There now, that's better!

  PID USERNAME PRI   SIZE    RES     CPU COMMAND  
93942 spamd 96 43560K 42836K 0.00% perl5.8.6
95119 cyrus 4 39308K 4304K 0.00% imapd
93943 spamd 4 32956K 32276K 0.00% perl5.8.6
93940 spamd 4 32364K 31628K 0.00% perl5.8.6
93941 spamd 4 30064K 29356K 0.00% perl5.8.6

See, I told ya, it's possible ;-) Actually, the strategy was pretty simple and straightforward, since we've already been doing the more obvious steps such as using spamd instead of spamassassin. Our goal was to

  • reduce memory footprint of spamd processes
  • use a local DNS to speedup name lookups

While the latter was just a matter getting it over and done with, the former proved to be a bit more tricky. We opted to try, what happens, if we limit the size of mails processed by spamd - tests had shown, that even when just one of our clients was simply sending out a single email with a large(ish) attachment (say, 4 - 6Mb) the corresponding spamd child would eat up to 500Mb of RAM and max out the CPU.

It just proved that our particular setup with Exim doesn't seem to be so well documented than the other two (it's only been introduced with Exim 4.5.x). Basicially, you compile exim with WITH_CONTENT_SCAN=yes and then can use the spam directive in your exim configuration rather than setting up various transports and routers where you pipe the mail through spamc (the leightweight client to spamd).

After hunting down the place where to modify Exim's spamc parameters in vain I finally stumbled over the crucial bit here.
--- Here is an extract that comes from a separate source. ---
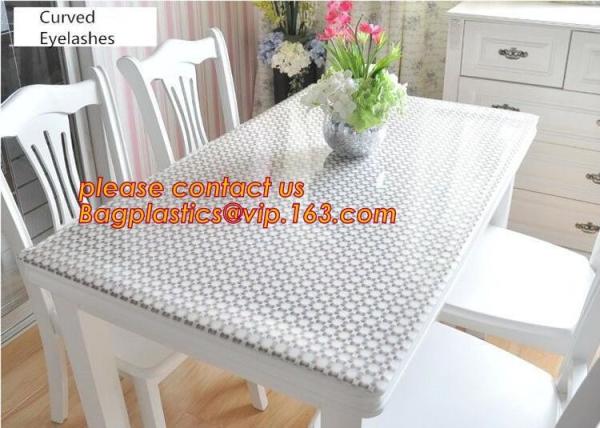 Cheap PVC Tablecloth Gold Silver Flower Soft Glass Square/Rectangle Tablecover Waterproof Oilproof Dining Table cloth BAGEASE for sale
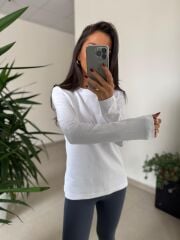 Massi Beyaz Uzun Kollu Tişört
I could tell, that it was going to work, because it immediately seemed so obvious in hindsight - God bless Ronan McGlue ;-)
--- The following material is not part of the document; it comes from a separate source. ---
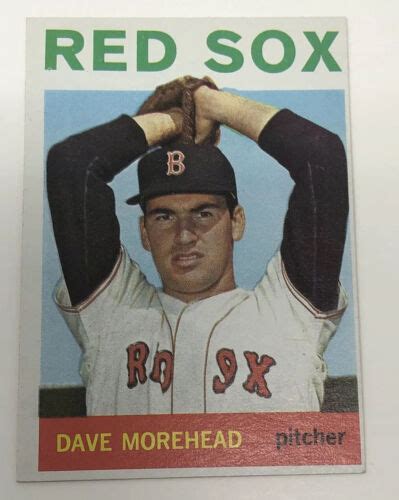 1964 Topps 376 Dave Morehead Red Sox Ebay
The logic behind it is this: since the occurence of the spam directive actually triggers the call to spamc, simply add a condition to that ACL such as the following one:

  warn  message = X-Spam-Score: $spam_score ($spam_bar)
spam = nobody:true
condition = ${if <{$message_size}{100k}{1}{0}}

After that everything looked dandy, i.e. the load was fine, even when lots of mails were pouring in. However, the spamd children still consumed 200 to 400Mb of RAM each, which produced lots of swap activity. I opted to cut down the number of client connections for a spamd process from the default 200 to 100, this means, that it will respawn sooner - the freshly spawned process weighs in with just some 40Mb and then starts to grow. If this setup will hold well during the next days I'll try increasing the amount of child processes from four to six or eight.
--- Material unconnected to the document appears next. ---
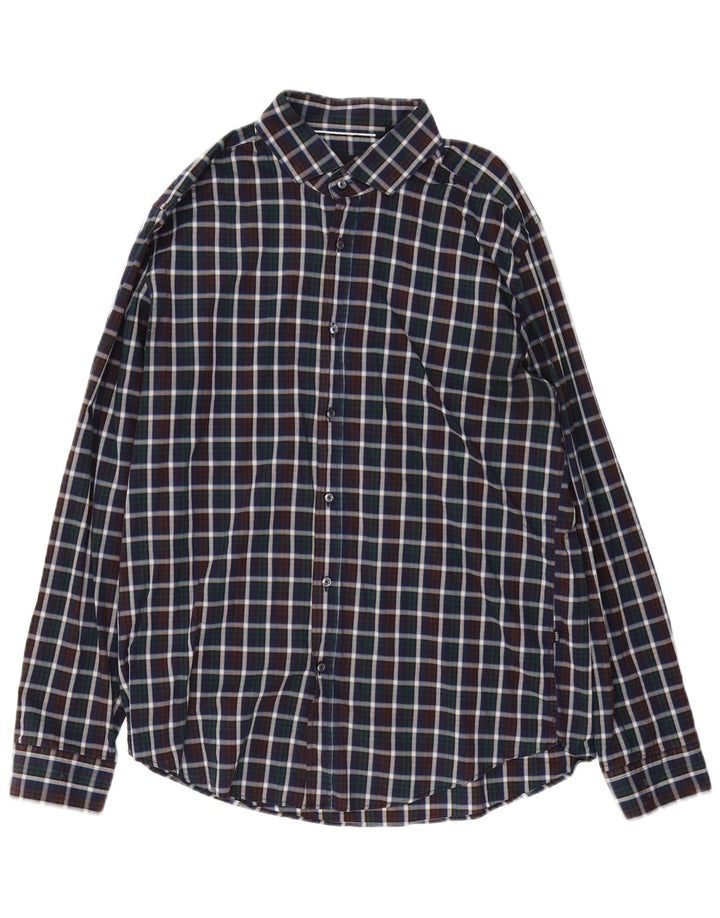 Camicia slim fit da uomo Hugo Boss XL a quadri multicolore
spamd_flags="-m4 --max-conn-per-child=100 --ident-timeout=30 \
-x -d -r /var/run/spamd/spamd.pid -u spamd \
-H /var/spool/spamd"

Again, eventhough it's a pain in the ass having to deal with such nuisances I can't deny that I actually enjoy tinkering with this kind of stuff ;-) And as usual, a big shout out to Cryx, I really wouldn't wanna do this with anyone else ;-)

Bogged down

Filed Under:

"Das Internet ist keine Blümchenwiese."

Man, talk about 'major suckage'... Recently Cryx and I have been noticing increasing periods where our mailserver would more or less crawl to a halt. For several minutes, CPU load would be maxed out at 99.x%, swap-usage up to 50%. SMTP would time out, the webmail interface become unuseably slow. The culprit? SpamAssassin with up to four child processes weighing in with 200 to 500Mb RAM consumption each!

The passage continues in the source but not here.